### WHAT YOU HAVE TO DO
Pictures are not part of the copy. Reproduce all the records exactly.

*** Opening DATA SUPPLIED ***

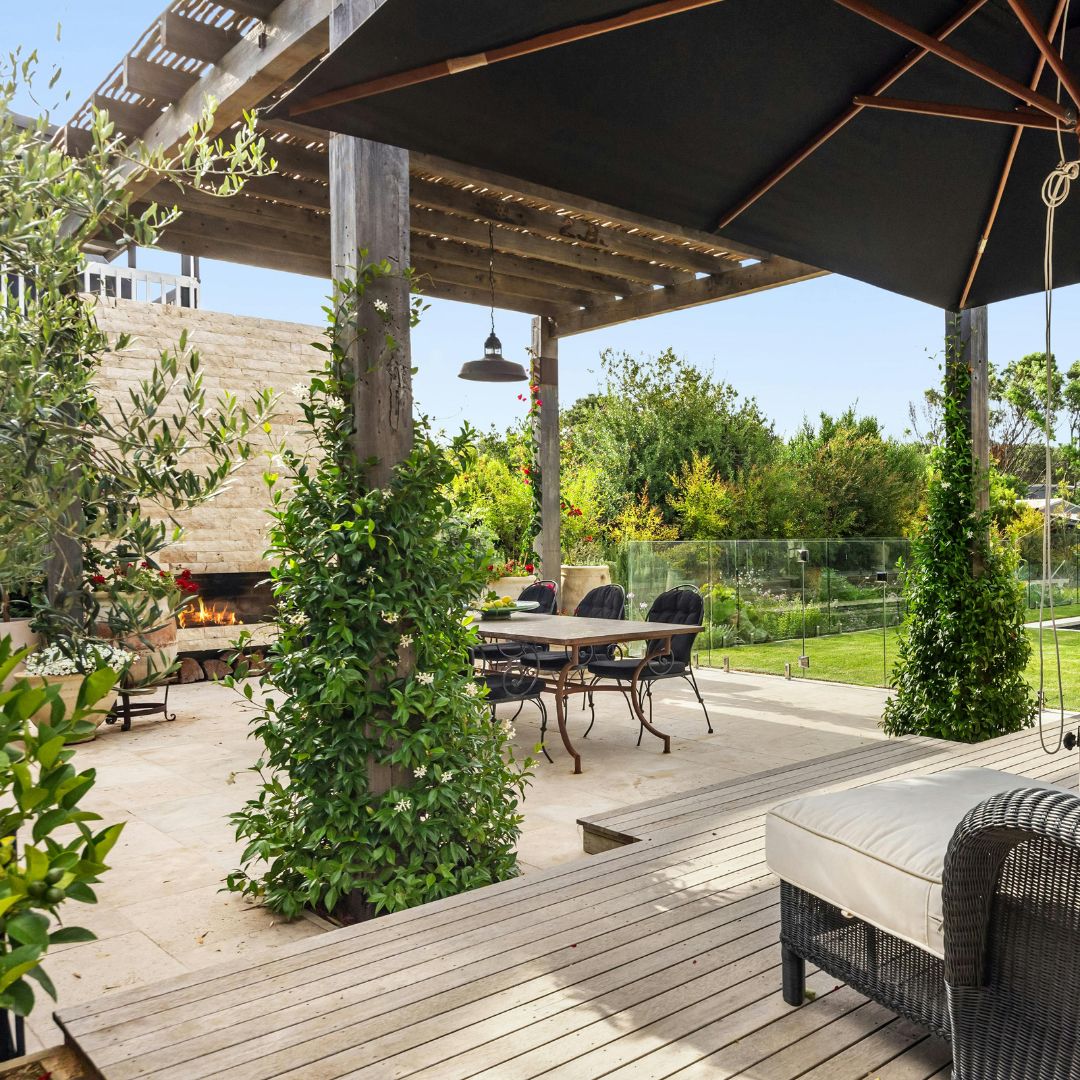 Decorative concrete finish for residential patios and walkways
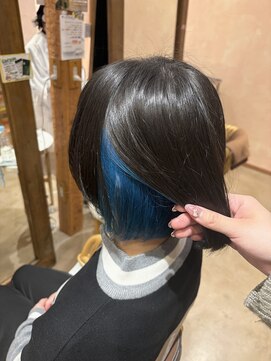 ベベ バイ モップス(be'be' by MOPS) 丸みボブ×インナーカラー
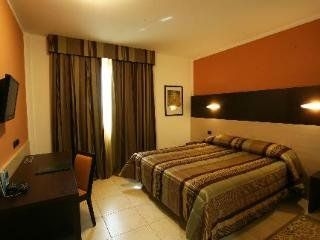 Record Hotel4
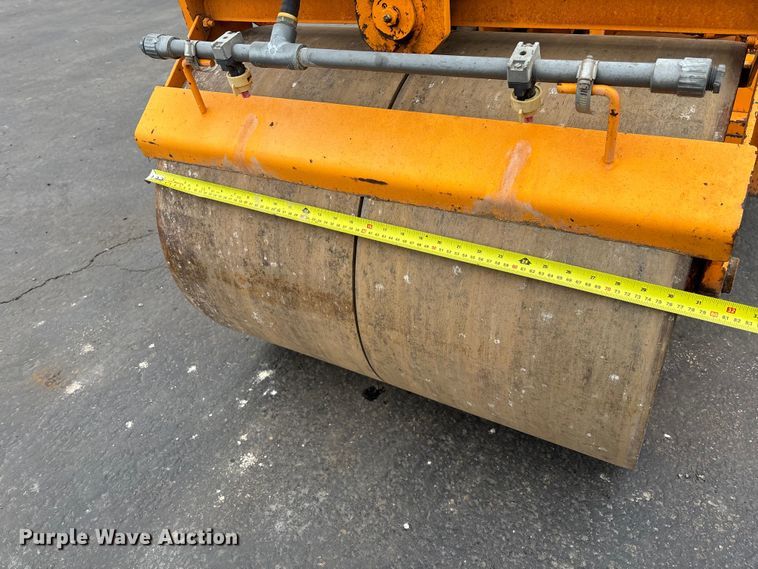 image for item DV0824 2002 Leeboy 300 double drum roller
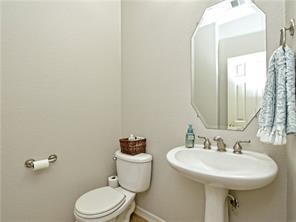 Building Photo - 2737 Plantation Dr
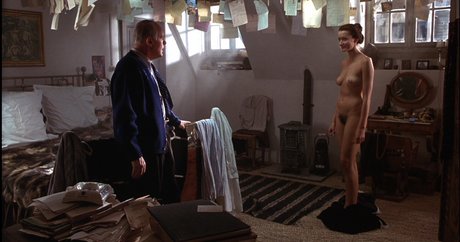 Natascha McElhone mannequin img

*** Closing DATA SUPPLIED ***

### RESPONSE
 Decorative concrete finish for residential patios and walkways
 ベベ バイ モップス(be'be' by MOPS) 丸みボブ×インナーカラー
 Record Hotel4
 image for item DV0824 2002 Leeboy 300 double drum roller
 Building Photo - 2737 Plantation Dr
 Natascha McElhone mannequin img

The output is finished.